What's one of the hardest things that come with being a business owner?

Time management! Managing my own schedule and workflow allows me incredible flexibility, but if I'm not doing the work, no one is covering for me. Learning how to focus and be productive in shorter time periods (2-3 hours at a time vs. 8-10 hour work days) is still a work in progress.

What are the top tips you'd give to anyone looking to start, run and grow a business today?

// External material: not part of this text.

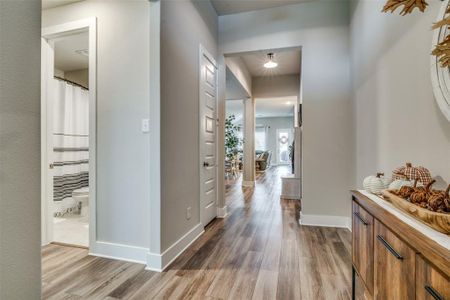 Hall featuring light hardwood / wood-style flooring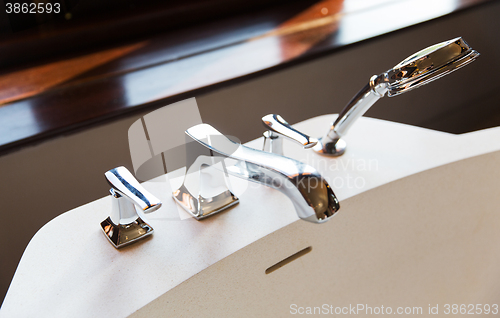 Image of close up of bath tap and shower at bathroom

  1. Start with a side hustle. If you're employed, but don't think your current job is your end game, try exploring a new path after hours. You'll miss out on some sleep or the occasional happy hour, but the job security will anchor you while you consider whether a large-scale change is ultimately right for you.
  2. Keep in touch. As a consultant, the relationships I've made over nearly two decades are part and parcel of the investment you're making. Every professional (and often social) interaction is a chance to expand your network and, by association, your expertise. Remember who you worked well with; you might have the chance to do it again someday.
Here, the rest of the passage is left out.